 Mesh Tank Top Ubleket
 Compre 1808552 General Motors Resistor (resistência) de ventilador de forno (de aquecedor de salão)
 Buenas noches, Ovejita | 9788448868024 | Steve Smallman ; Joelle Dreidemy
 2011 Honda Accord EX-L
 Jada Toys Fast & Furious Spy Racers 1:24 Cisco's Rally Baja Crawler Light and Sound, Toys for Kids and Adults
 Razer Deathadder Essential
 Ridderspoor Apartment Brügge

· · ·

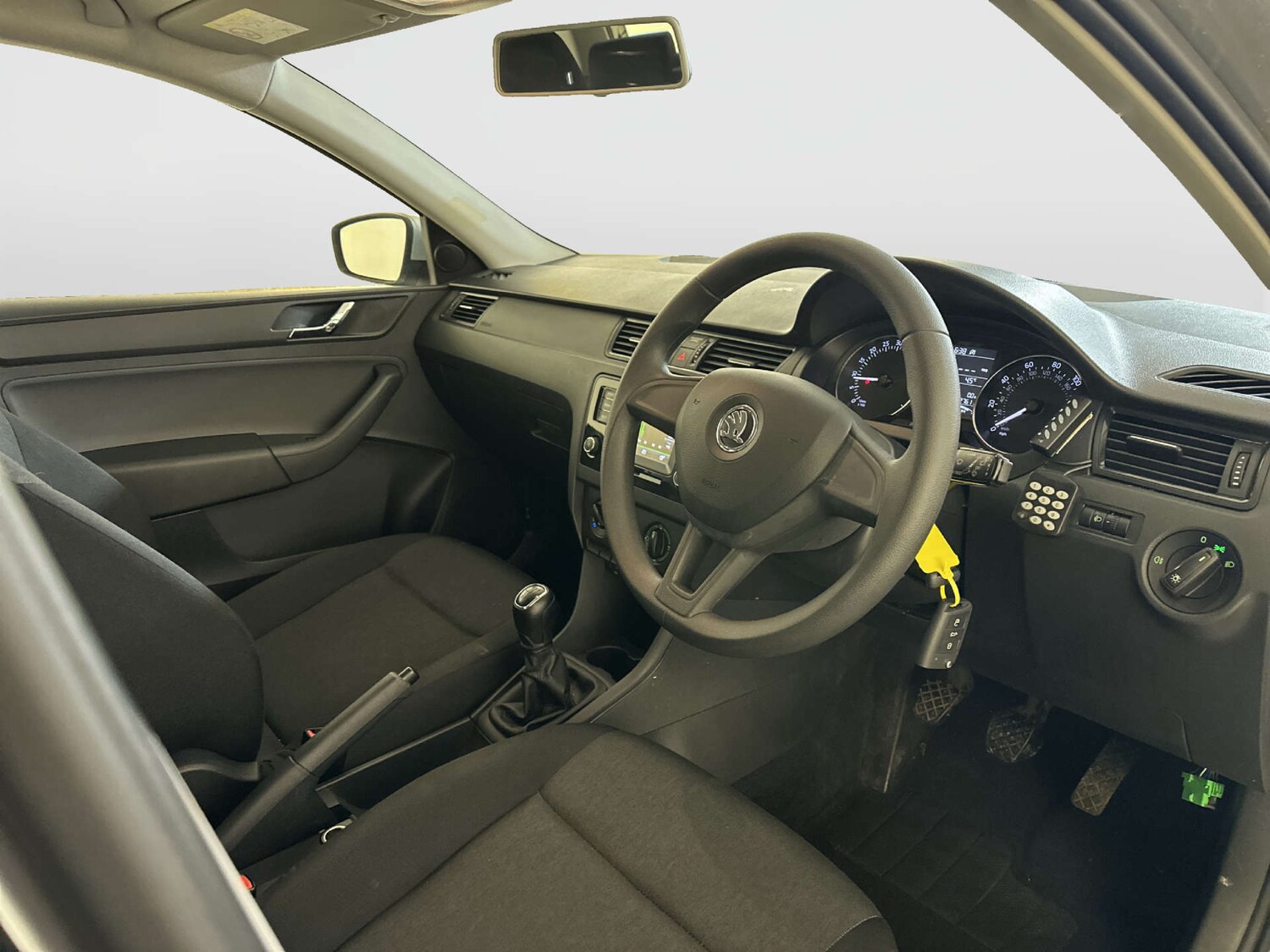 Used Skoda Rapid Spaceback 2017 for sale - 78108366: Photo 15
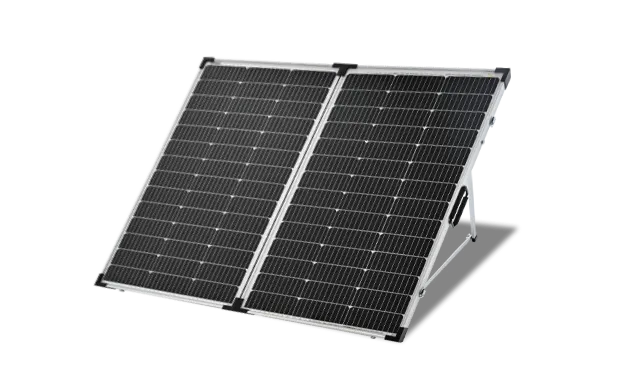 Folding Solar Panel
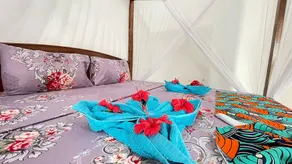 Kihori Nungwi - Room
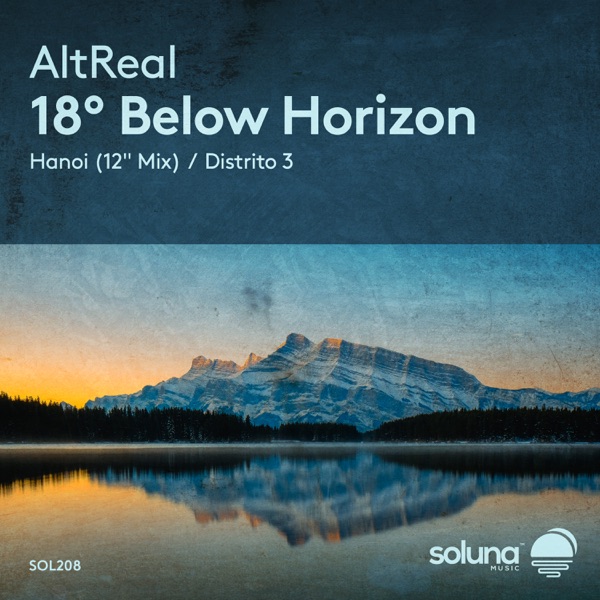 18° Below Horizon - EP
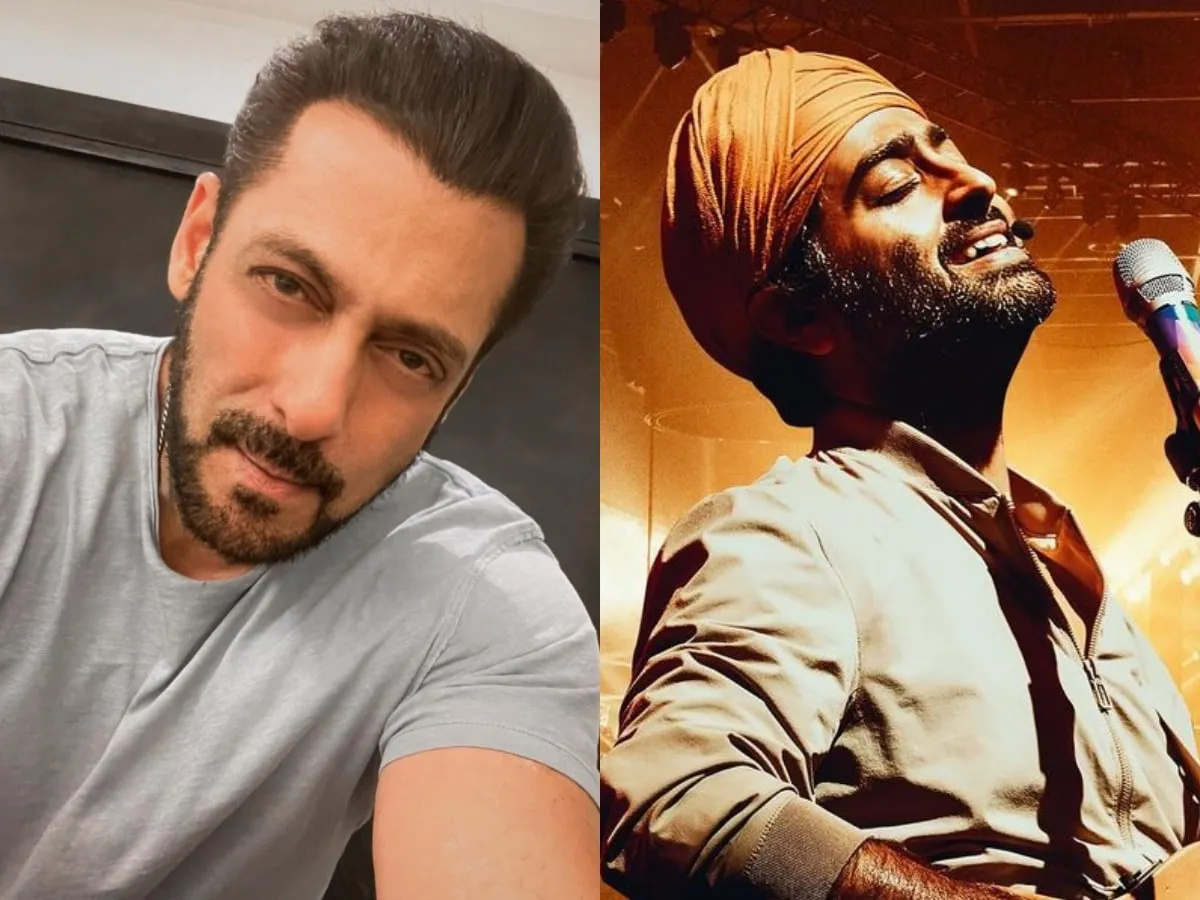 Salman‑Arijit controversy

· · ·

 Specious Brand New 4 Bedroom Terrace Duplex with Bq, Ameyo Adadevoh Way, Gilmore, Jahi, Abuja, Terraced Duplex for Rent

· · ·

EXERCISE OBJECTIVE
Out of the records above, return only the lines from the one with "Folding Solar Panel" through the one with "Salman‑Arijit controversy", exactly, and none of the pictures.

TASK RESULT
 Folding Solar Panel
 Kihori Nungwi - Room
 18° Below Horizon - EP
 Salman‑Arijit controversy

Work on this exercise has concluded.